Although its exact origin is unknown, the fruit is likely indigenous to the Western Ghats of India and was one of the first cultivated fruits. More broadly, jackfruit has historically been a staple food in India, Myanmar, China, Malaysia, Sri Lanka, Indonesia, and the Philippines.

One of the world’s largest fruits, jackfruit typically weighs about 35 pounds although it can grow significantly larger, as one in India weighed 144 pounds. The fruit rind and core are inedible, but the flesh can be cooked or served fresh.

Ripened jackfruit has a strong odor, often described in colorful terms such as a mix of bananas and stinky cheese or even sweaty socks. Outdoor slicing and preparation are often recommended, followed by immediate disposal of the rinds.

Nearly all parts of the jackfruit tree can be used, including the trunk, leaves, fruit, and seeds. Although the fruit if often consumed fresh, both ripe and unripe, it is often cooked, canned, or processed into ice cream, jam, jellies, or pastes. Jackfruit is also considered a meat substitute due to its high nutritional value and texture when cooked.

Jackfruit Seasonal Availability Chart

Types & Varieties
A wide variety of species and cultivars of jackfruit are grown across Asia, the Pacific, Africa, and the United States. Since jackfruit is relatively new to the U.S. market, there is still uncertainty about optimal cultivars.

Generally, jackfruit comes in two types: firm or soft. Varieties recommended in the United States include Black Gold, Dang Rasimi, Golden Nugget, Honey Gold, Kun Wi Chan, Lemon Gold, and NS1. Most have been developed overseas in Australia or Malaysia.

Jackfruit’s outer skin, made up of hexagonal, conical apices, becomes greenish to brownish yellow when ripe. The flesh or pulp can range in color from amber to dark yellow or orange. Jackfruit is a compound fruit that contains between 100 and 500 seeds ranging in size from three-quarters of an inch and 1.5 inches in diameter. The seeds can be cooked and eaten, with a taste similar to chestnuts.

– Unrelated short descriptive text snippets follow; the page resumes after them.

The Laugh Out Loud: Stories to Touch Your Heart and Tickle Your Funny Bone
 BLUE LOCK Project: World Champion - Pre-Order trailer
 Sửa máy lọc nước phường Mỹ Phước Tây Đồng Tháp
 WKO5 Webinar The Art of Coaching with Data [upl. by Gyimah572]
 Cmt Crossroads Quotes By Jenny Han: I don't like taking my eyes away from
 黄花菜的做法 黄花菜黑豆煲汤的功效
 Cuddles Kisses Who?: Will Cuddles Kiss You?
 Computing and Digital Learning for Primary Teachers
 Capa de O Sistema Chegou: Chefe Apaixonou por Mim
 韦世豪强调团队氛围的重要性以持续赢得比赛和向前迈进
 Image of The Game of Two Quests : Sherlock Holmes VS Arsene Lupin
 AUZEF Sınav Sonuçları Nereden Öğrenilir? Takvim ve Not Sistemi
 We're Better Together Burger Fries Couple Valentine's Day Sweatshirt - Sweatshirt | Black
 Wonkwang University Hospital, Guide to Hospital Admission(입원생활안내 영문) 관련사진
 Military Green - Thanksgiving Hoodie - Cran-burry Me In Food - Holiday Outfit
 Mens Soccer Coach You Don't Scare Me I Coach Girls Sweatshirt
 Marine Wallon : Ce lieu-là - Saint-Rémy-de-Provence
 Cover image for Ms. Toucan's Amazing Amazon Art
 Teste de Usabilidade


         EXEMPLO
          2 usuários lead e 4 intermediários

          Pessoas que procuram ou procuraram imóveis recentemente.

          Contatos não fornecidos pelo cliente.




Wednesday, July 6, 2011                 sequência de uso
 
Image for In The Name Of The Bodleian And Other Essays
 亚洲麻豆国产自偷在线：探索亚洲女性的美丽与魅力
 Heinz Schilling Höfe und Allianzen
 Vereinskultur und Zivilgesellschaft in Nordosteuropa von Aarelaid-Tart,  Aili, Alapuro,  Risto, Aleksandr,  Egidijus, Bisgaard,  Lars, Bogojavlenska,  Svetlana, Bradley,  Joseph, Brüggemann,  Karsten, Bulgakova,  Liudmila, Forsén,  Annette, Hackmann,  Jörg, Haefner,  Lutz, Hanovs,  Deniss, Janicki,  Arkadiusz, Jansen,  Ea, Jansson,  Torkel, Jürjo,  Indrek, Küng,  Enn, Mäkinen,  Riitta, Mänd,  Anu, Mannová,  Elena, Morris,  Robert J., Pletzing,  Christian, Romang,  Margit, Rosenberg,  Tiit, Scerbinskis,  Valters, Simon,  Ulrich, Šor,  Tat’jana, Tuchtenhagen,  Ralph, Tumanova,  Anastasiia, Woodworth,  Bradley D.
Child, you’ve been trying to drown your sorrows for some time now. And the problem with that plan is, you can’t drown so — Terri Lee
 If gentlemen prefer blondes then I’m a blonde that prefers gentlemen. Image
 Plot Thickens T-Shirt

When the tree or fruit is cut or damaged, it will ooze a very sticky, white, rubbery latex that can be used as a glue or paste.


An evergreen, jackfruit trees can grow up to 80 feet in height but typically only reach 30 to 40 feet in the United States. It can be direct seeded or grafted and will then produce a long taproot and grow upwards with branches eventually spreading out to create a rounded canopy.

Trees grow well in tropical and subtropical environments, particularly in rich, deep soil to allow for proper root development. Before maturity, jackfruit trees do not tolerate overly wet soil conditions or temperatures below 28°F. Additionally, while jackfruit prefers ample sunlight, too much can result in sun scald.

The tree will begin fruiting in the third or fourth year; fruit should reach maturity on the tree, then ripen after harvest. Mature jackfruit can be hard to identify; characteristics include skin turning from light green to yellow or brownish green, spines more spaced apart that give a little when pressed, yellowing of the last leaf on the stalk, and, if tapped, the fruit will produce a dull, almost hollow sound.

Due to their large size and weight, jackfruit can be challenging to harvest. Fruit is harvested by hand, using a ladder and cutting the fruit at the stem with clippers or loppers.

Many prefer to harvest between mid-morning and afternoon as the sticky latex sap will not flow as readily. Tools should be coated with vegetable oil for harvest and cutting to prevent the latex from sticking.

A quality jackfruit will be of good size, well colored, rounded, and free from signs of damage or decay.